In 2010, the European Working Group on Sarcopenia in Older People (EWGSOP) proposed a practical clinical definition of agerelated sarcopenia as “a syndrome characterized by progressive“ and generalized loss of skeletal muscle mass and function (strength or performance) with a risk of adverse outcomes such as physical disability, poor health–related quality of life and death” [3]. The EWGSOP has emphasized that sarcopenia is a geriatric syndrome [4]. This concept promotes the identification and treatment of sarcopenia even when the exact cause of the syndrome remains unknown. The following evidence in regard to sarcopenia support the current definition as a geriatric syndrome; 1) sarcopenia is prevalent in aging populations, 2) sarcopenia is linked to multiple contributing factors including the aging process itself, genetic susceptibility, certain life habits (e.g., a sedentary lifestyle), changes in living conditions (e.g., bed rest), a number of chronic illnesses (e.g., COPD), certain drug treatments, and 3) sarcopenia is often associated with poor outcomes such as mobility disorders, disability, poor health related quality of life and mortality.

The EWGSOP developed an algorithm based on gait measurements, speed, grip strength, and muscle mass to diagnosis and screen sarcopaenia in clinical practice. The “sarcopenia” stage is characterized by low muscle mass, and low (physical) strength or low physical performance. “Severe sarcopenia” is the stage in which all three criteria are met. Low muscle mass that does not impact on strength or physical performance is categorized as “pre–sarcopenia”. Muscle function does not depend solely on muscle mass and the relationship between function and mass is not linear, thus sarcopenia defined in terms of muscle mass only may be of limited clinical value.

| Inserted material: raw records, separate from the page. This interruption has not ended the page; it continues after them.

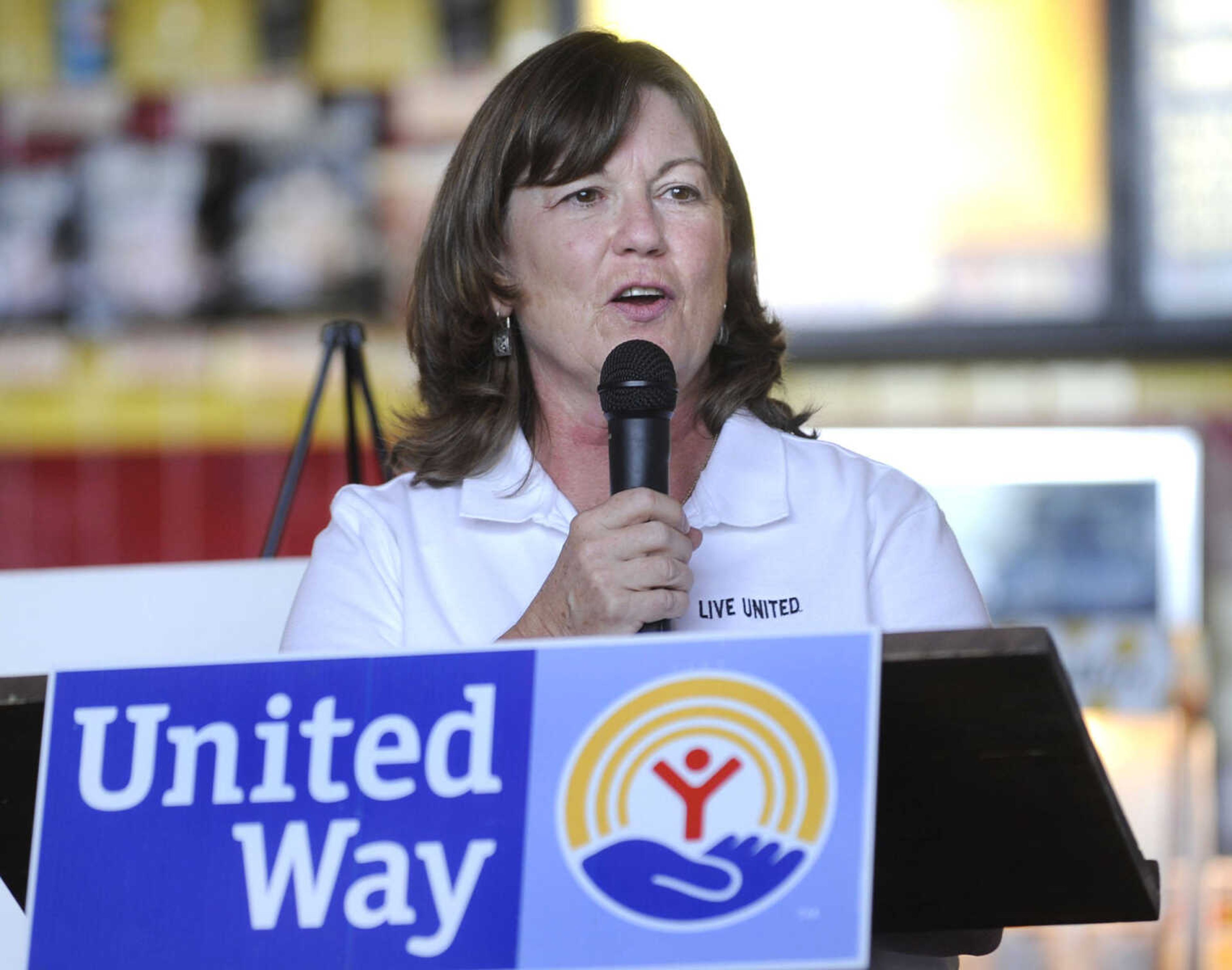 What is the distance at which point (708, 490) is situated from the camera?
182 cm

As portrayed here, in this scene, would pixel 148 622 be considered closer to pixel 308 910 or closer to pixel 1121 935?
pixel 308 910

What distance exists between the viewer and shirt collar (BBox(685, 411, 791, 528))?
1.79 meters

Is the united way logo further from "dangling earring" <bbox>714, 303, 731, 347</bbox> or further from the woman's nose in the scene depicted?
"dangling earring" <bbox>714, 303, 731, 347</bbox>

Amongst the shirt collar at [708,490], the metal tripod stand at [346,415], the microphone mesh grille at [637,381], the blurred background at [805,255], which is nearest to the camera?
the microphone mesh grille at [637,381]

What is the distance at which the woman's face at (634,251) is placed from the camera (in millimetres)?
1718

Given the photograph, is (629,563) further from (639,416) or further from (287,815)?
(287,815)

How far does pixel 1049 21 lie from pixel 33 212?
2.72 m

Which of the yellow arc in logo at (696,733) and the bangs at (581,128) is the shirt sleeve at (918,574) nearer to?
the bangs at (581,128)

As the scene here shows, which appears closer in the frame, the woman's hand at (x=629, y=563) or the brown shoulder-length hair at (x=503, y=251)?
the woman's hand at (x=629, y=563)

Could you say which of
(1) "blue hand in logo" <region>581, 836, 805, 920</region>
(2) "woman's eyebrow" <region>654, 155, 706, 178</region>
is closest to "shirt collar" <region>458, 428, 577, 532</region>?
(2) "woman's eyebrow" <region>654, 155, 706, 178</region>

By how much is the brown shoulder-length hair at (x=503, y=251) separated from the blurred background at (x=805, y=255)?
2491mm

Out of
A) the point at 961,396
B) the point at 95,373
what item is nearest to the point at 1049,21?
the point at 961,396

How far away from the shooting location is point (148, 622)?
2125mm

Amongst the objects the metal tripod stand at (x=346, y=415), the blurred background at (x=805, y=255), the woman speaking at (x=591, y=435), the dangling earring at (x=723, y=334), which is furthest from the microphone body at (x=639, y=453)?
the blurred background at (x=805, y=255) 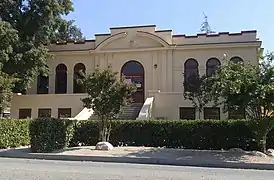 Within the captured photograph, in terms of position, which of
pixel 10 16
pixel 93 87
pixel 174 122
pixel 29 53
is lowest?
pixel 174 122

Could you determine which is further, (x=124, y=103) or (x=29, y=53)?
(x=29, y=53)

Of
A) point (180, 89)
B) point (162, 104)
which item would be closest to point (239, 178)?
point (162, 104)

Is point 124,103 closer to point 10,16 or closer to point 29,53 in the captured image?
point 29,53

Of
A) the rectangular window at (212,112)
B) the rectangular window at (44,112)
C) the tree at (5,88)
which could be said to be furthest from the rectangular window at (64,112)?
the rectangular window at (212,112)

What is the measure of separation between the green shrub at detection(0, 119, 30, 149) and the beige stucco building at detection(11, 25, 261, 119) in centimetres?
862

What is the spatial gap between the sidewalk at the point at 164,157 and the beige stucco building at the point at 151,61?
1141 centimetres

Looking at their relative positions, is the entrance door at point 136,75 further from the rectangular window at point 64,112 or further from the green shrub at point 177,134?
the green shrub at point 177,134

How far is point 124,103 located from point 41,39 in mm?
13654

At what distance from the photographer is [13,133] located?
21.8 m

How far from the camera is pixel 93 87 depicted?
20.3 metres

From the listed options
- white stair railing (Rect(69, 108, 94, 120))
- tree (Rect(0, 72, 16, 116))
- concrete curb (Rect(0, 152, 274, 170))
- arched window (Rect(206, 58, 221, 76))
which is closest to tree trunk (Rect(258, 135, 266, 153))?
concrete curb (Rect(0, 152, 274, 170))

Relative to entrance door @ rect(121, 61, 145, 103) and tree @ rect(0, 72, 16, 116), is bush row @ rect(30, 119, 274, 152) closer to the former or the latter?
tree @ rect(0, 72, 16, 116)

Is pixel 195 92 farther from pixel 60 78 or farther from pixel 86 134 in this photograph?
pixel 60 78

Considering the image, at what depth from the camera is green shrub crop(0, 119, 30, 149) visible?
2114 centimetres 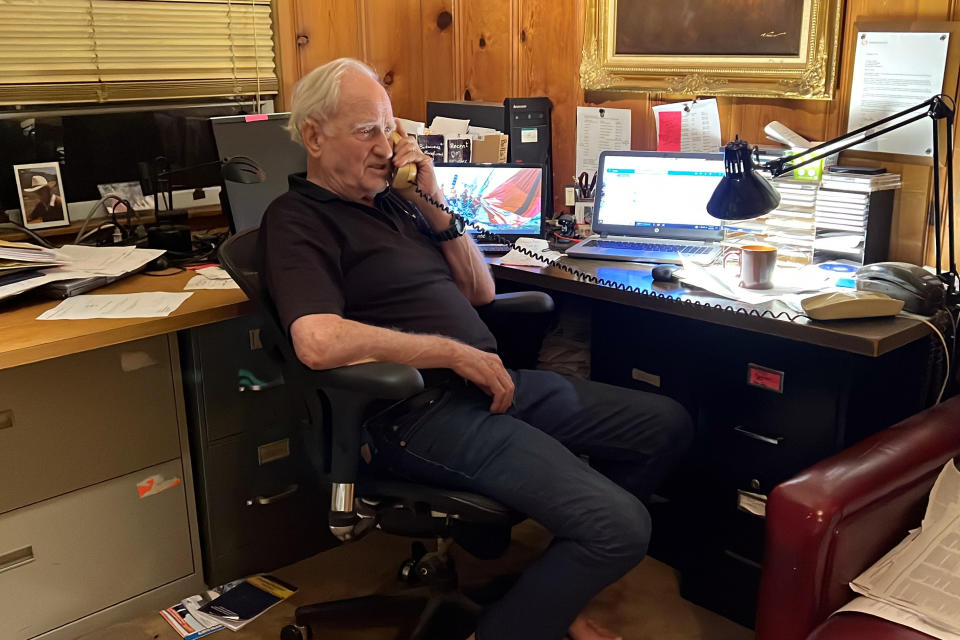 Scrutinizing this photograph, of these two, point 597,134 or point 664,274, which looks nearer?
point 664,274

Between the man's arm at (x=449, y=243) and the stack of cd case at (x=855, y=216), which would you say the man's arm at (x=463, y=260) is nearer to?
the man's arm at (x=449, y=243)

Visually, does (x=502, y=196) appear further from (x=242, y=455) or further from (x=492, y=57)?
(x=242, y=455)

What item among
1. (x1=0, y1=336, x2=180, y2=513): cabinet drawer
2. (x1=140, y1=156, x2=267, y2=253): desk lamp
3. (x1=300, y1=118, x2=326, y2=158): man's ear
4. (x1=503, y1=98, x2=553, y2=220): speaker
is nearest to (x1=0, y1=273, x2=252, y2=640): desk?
(x1=0, y1=336, x2=180, y2=513): cabinet drawer

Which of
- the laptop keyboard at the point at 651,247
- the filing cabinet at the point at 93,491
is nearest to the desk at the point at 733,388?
the laptop keyboard at the point at 651,247

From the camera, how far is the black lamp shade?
193cm

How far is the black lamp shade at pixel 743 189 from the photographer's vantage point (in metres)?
1.93

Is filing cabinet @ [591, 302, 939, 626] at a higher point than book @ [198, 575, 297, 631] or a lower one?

In elderly patients with chronic obstructive pulmonary disease (COPD), whose exercise intolerance is an important disabling feature of the disease, the loss of skeletal muscle mass and function is a particular problem [5], which is categorized as “secondary sarcopenia” within the scope of the EWGSOP definition. However, the aetiology of sarcopenia is multi–factorial [3] and age–related sarcopenia occurs simultaneously [5], thus it may be unnecessary to distinguish strictly between primary (age–related disease) from secondary conditions. A graph depicting age–related declines in muscle mass and strength as accelerated by sarcopenia [6] is ominously similar to a graph describing the accelerated decline in lung function with smoking or COPD [7], which may suggest both conditions share common underlying mechanisms and risk factors. Therefore, considering sarcopenia in elderly COPD patients as a multi–faceted geriatric syndrome may allow for the implementation of specific multiple risk factor assessments (i. e. comprehensive geriatric assessments) and new practical and public–health approaches [4].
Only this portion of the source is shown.